Few expected a new album from an 89-year-old Doris Day but it did eventuate in 2011.

Titled My Heart, it even had a moderate chart success. It wasn’t all new, though, with a song from the André Previn Duet album and this revisiting of a number from the Leonard Bernstein musical Wonderful Town. The nostalgic associations of Doris Day’s home state, where she was born back in 1922 as Doris Mary Kappelhoff, make it specially poignant

My Heart makes available a selection of songs from the 1980s, intended for use on television specials. She manages the good-timey shuffle of the Lovin Spoonful’s "Daydream" rather fetchingly, with its backing vocalists recalling the bopping quartet in "Canadian Capers".

The choice of songs on Doris Day’s last album leans to the gentle side with Billy Preston’s "You are so beautiful" and a delicately nuanced "Disney Girls", from the pen of Bruce Johnston of the Beach Boys. Indeed, you can’t help wishing that Day had formed a singing partnership with Brian Wilson and the boys rather than John Denver.

The spirit of her son Terry Melcher who’d died in 2004 hangs over the CD, making it something of an epitaph for Melcher fans.

Day’s well-known love of animals comes out in their duet, "Stewball", a racehorse ballad with a history going back to the 18th century. Best known from the songbook of the folk-singing trio Peter, Paul and Mary, it’s difficult, listening to it now, not to be reminded of John Lennon’s celebrated yuletide protest song "Happy Xmas (War is Over)".

Whenever I play Doris Day’s spoken tribute to her late son, introducing Terry Melcher remembering times that once were and should be forever, I remember how the singer stood by her friend Rock Hudson, when he was dying from AIDs. It was a courageous and necessary stand in the 1980s, when the homophobic Reagan administration took such an inhuman stance on this very real and crippling health crisis.

Melcher sings of "Happy Endings" and good guys winning so movingly that one almost overlooks the syrupy synths around him.

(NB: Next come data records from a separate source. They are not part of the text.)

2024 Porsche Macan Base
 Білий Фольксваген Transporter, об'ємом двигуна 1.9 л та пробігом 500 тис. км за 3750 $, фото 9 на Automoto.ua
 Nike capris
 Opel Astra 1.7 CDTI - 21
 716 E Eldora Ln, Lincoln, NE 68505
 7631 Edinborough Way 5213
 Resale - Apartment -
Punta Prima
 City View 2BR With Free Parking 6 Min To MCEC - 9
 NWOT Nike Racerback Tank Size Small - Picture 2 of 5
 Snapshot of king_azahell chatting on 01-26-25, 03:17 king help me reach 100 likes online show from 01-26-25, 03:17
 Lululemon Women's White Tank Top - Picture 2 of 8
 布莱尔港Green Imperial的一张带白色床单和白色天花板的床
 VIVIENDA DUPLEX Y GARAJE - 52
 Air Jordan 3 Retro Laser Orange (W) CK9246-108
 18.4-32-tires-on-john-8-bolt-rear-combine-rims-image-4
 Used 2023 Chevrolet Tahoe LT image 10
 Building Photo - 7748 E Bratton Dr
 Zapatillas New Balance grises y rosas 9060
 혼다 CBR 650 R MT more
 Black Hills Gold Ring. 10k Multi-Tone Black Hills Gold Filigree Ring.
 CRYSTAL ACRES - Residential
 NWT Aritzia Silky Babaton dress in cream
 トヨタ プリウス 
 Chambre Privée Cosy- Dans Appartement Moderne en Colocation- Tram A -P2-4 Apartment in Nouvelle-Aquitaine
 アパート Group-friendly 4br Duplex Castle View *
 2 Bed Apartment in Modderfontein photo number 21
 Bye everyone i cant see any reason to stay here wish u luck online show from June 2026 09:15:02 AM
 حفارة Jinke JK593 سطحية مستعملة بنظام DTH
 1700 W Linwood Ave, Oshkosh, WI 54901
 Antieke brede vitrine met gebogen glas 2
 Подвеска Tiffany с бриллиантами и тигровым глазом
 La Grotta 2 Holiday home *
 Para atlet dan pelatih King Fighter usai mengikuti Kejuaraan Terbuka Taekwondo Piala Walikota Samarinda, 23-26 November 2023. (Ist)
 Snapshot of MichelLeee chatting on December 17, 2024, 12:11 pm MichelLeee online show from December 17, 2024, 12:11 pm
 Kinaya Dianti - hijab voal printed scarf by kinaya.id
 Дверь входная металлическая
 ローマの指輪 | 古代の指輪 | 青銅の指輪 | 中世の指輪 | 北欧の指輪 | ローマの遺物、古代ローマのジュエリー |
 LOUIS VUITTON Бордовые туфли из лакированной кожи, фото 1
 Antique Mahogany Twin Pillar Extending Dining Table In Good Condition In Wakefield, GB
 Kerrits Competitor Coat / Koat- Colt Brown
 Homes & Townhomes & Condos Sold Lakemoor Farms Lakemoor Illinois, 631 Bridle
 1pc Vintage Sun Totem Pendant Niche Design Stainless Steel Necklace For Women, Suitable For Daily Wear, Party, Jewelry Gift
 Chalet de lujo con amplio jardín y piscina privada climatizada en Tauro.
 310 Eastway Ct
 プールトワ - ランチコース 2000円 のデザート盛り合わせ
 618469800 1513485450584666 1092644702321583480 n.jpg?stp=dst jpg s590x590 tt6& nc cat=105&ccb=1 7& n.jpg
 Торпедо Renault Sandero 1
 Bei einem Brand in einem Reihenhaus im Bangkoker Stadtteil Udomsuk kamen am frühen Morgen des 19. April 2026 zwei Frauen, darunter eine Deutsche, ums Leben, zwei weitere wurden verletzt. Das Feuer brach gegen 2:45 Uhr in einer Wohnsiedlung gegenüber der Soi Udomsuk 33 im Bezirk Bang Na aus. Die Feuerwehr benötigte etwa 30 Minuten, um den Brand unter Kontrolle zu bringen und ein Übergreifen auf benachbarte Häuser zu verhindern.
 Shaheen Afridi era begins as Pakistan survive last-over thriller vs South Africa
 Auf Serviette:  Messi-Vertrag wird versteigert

And in times like ours, when happiness is a constantly threatened condition, the songs and singing of Doris Day will always have a place.

Music Details

'Song title' (Composer) – Performers
Album title
(Label)

'Secret Love' (Pain, Webster) – Caitlin Smith. The Fondue Set
Down to the Rind
(The Fondue Set)

'A Woman's Touch' (Pain, Webster) – Doris Day
Sings Songs from the Warner Brother Pictures Calamity Jane et al
(Columbia)

'Sentimental Journey' (Brown et al) – Doris Day
Sentimental Journey: Doris Day with Les Brown and His Orchestra
(Black Box)

'Canadian Capers' (Chandler et al) – Doris Day
It's Magic (1947-1950)
(Naxos)

'Just one of these things' (Porter) – Doris Day
Lullaby of Broadway
(Real Gone)

'Close Your Eyes' (Petkere) – Doris Day
Day By Night
(Columbia)

'Yes' (Previn) – Doris Day & André Previn
Duet
(Pickwick)

'Send Me No Flowers' (Bacharach, David) – Doris Day
Easy Listening Bacharach
(Columbia)

'Sentimental Journey' (Brown et al) – Doris Day
Sentimental Journey (1965)
(Columbia)

'Que Será Será' (Evans, Livingston) – Sly & The Family Stone
Fresh
(Epic)

'These Days' (Browne) – Terry Melcher & Doris Day
Terry Melcher
(Reprise)

'Ohio' (Bernstein et al) – Doris Day
My Heart
(Arwin)

'Daydream' (Sebastian) – Doris Day
My Heart
(Arwin)

'Stewball' (Rinsler et al) – Doris Day
My Heart
(Arwin)

'Happy Endings' (Johnston, Melcher) – Terry Melcher
My Heart
(Arwin)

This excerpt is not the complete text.